▶ Given data

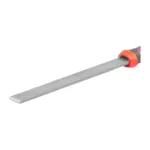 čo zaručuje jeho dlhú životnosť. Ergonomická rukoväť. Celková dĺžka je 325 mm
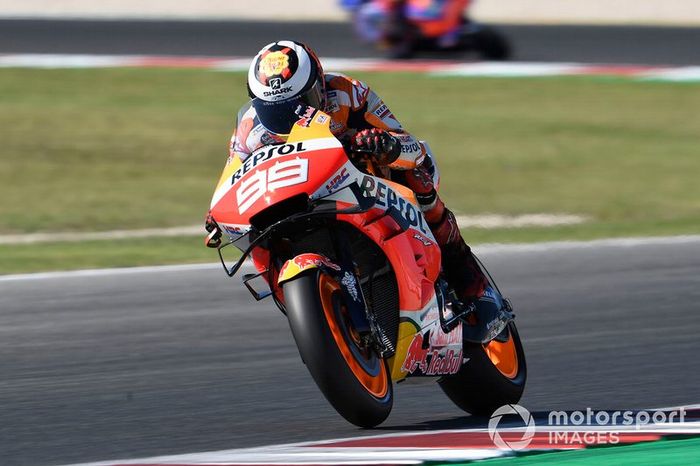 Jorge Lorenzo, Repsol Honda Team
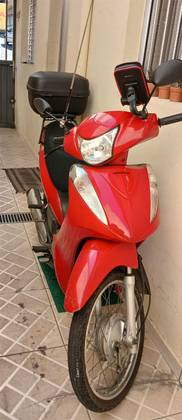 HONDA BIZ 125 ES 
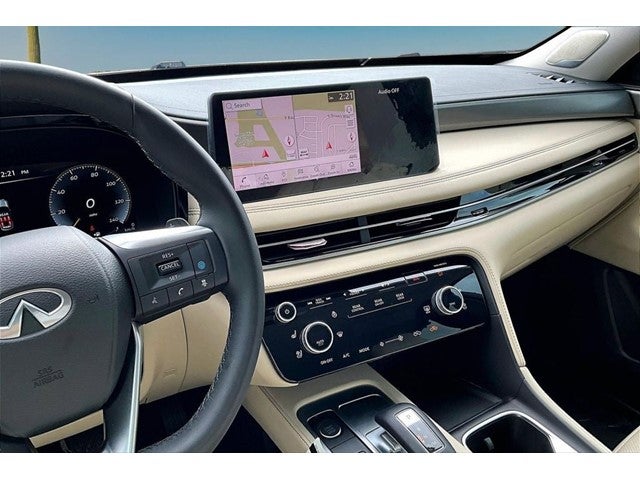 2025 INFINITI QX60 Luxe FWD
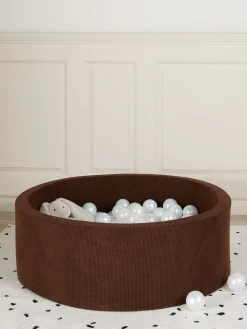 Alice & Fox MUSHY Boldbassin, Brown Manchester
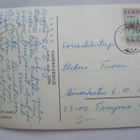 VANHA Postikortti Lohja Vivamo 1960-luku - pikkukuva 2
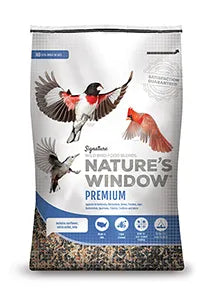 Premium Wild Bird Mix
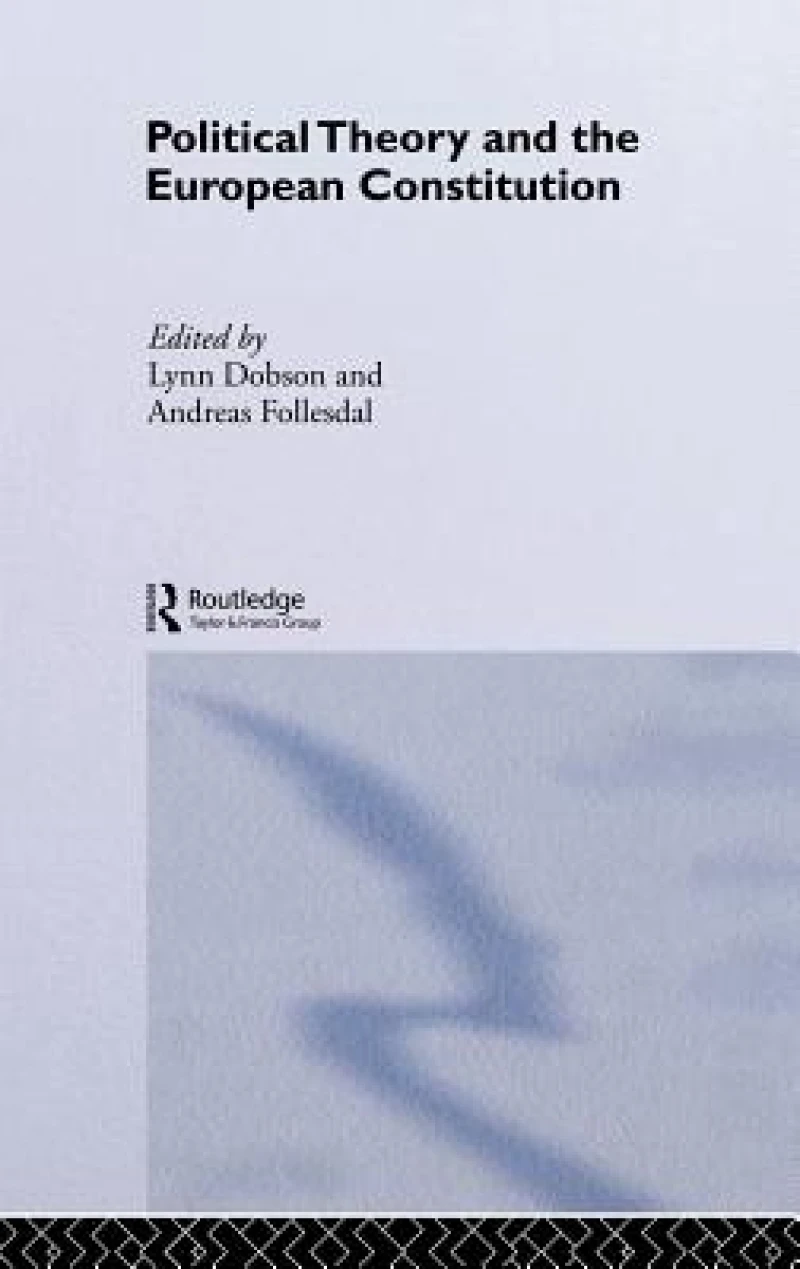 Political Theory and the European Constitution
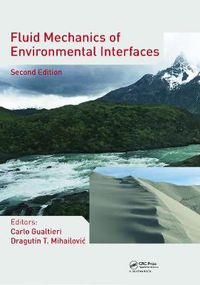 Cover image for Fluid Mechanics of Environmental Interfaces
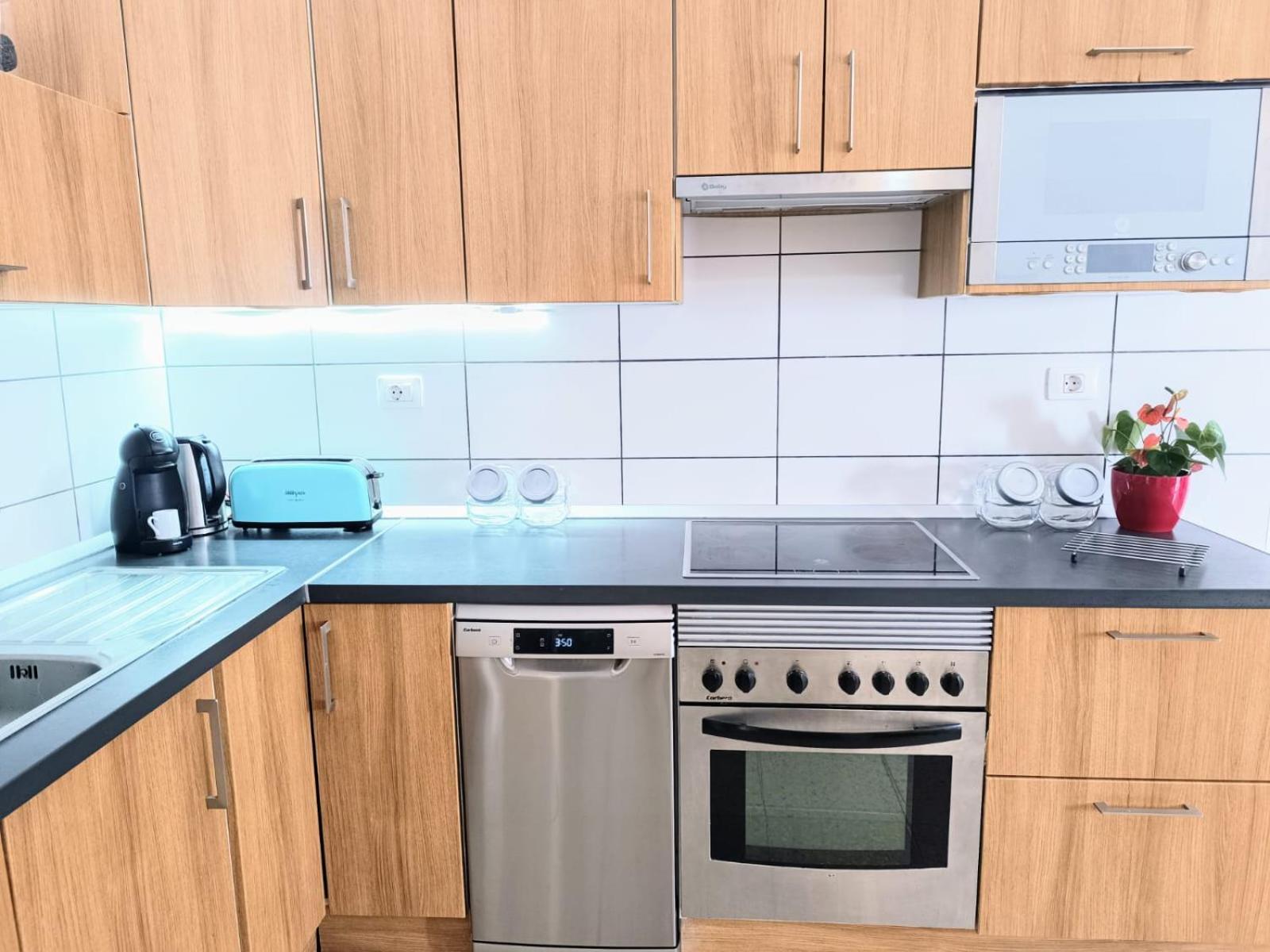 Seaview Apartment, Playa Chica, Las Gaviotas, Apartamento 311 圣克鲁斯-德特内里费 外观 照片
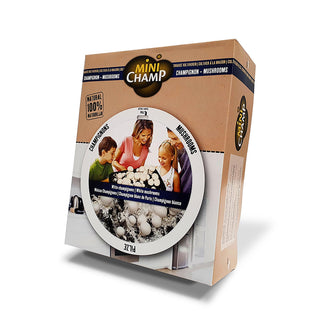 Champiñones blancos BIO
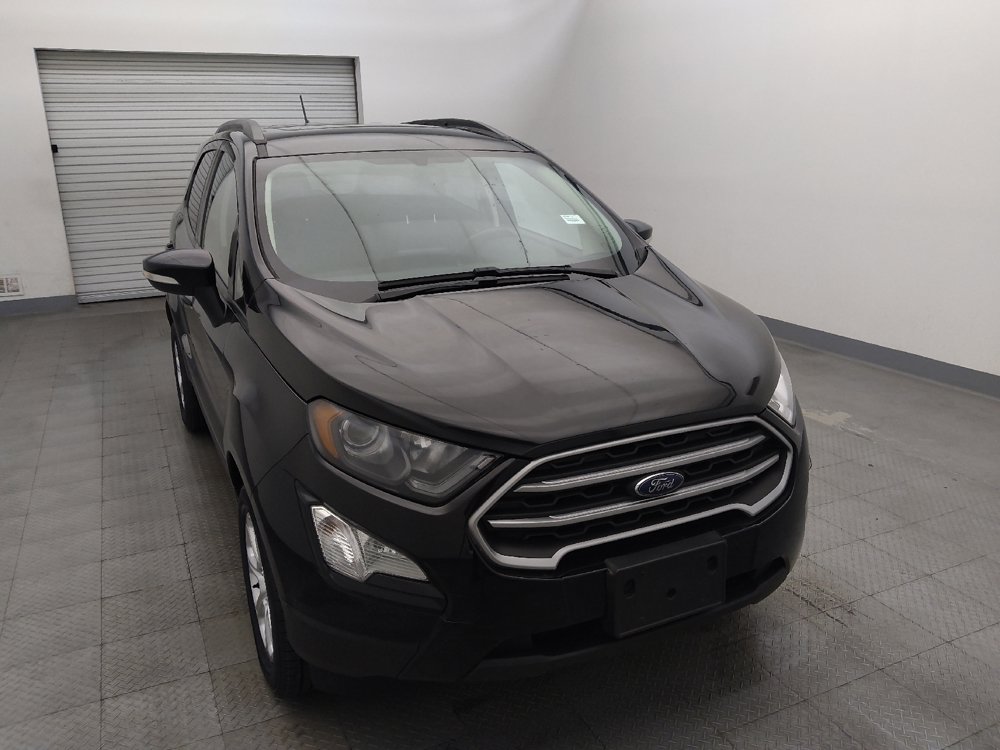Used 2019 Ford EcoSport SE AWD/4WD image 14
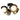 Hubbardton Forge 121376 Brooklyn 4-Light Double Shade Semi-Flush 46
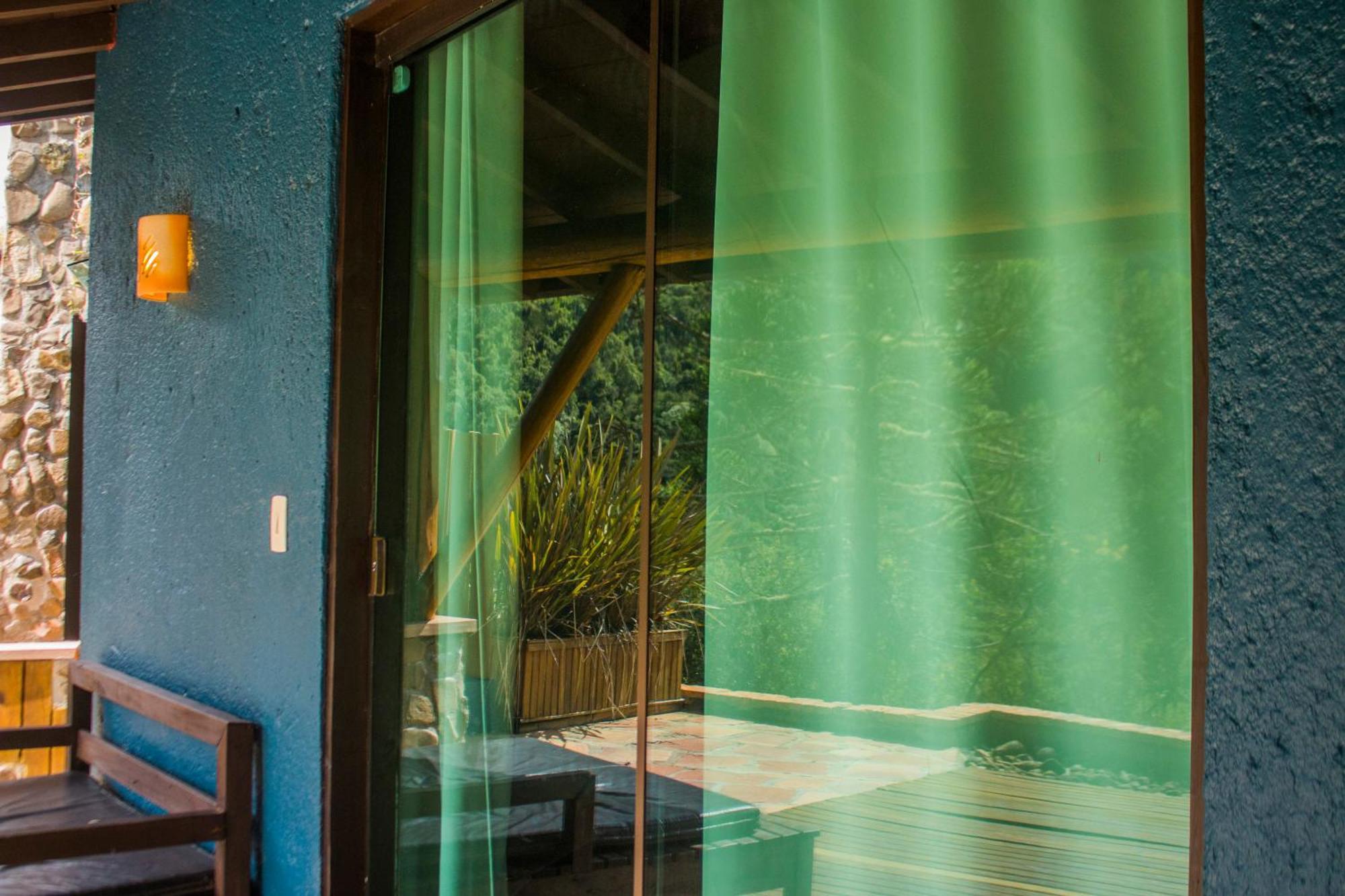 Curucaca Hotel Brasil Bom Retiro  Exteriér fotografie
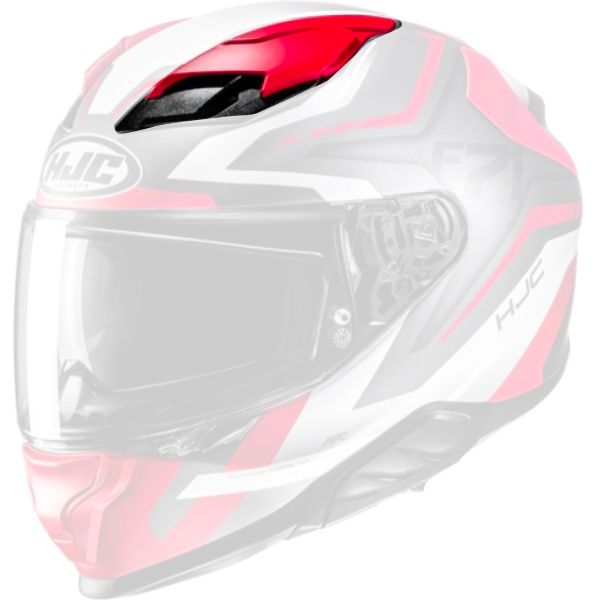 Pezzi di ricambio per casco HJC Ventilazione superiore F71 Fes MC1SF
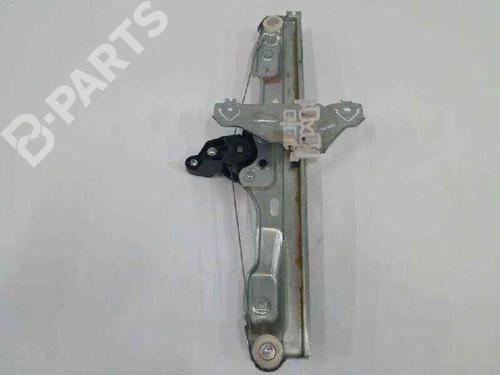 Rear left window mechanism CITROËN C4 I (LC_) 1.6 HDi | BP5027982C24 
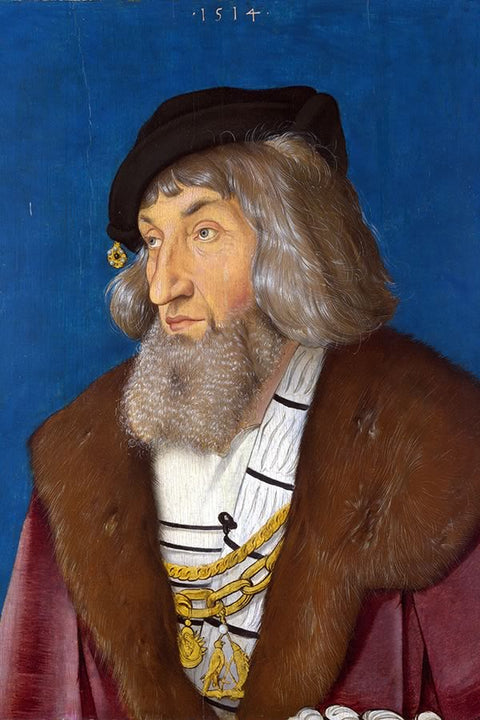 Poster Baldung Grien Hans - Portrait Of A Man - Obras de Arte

▶ Your task
Output nothing but the entries above, exactly, once the pictures are removed.

▶ Answer area
 čo zaručuje jeho dlhú životnosť. Ergonomická rukoväť. Celková dĺžka je 325 mm
 Jorge Lorenzo, Repsol Honda Team
 HONDA BIZ 125 ES 
 2025 INFINITI QX60 Luxe FWD
 Alice & Fox MUSHY Boldbassin, Brown Manchester
 VANHA Postikortti Lohja Vivamo 1960-luku - pikkukuva 2
 Premium Wild Bird Mix
 Political Theory and the European Constitution
 Cover image for Fluid Mechanics of Environmental Interfaces
 Seaview Apartment, Playa Chica, Las Gaviotas, Apartamento 311 圣克鲁斯-德特内里费 外观 照片
 Champiñones blancos BIO
Used 2019 Ford EcoSport SE AWD/4WD image 14
 Hubbardton Forge 121376 Brooklyn 4-Light Double Shade Semi-Flush 46
 Curucaca Hotel Brasil Bom Retiro  Exteriér fotografie
 Pezzi di ricambio per casco HJC Ventilazione superiore F71 Fes MC1SF
 Rear left window mechanism CITROËN C4 I (LC_) 1.6 HDi | BP5027982C24 
 Poster Baldung Grien Hans - Portrait Of A Man - Obras de Arte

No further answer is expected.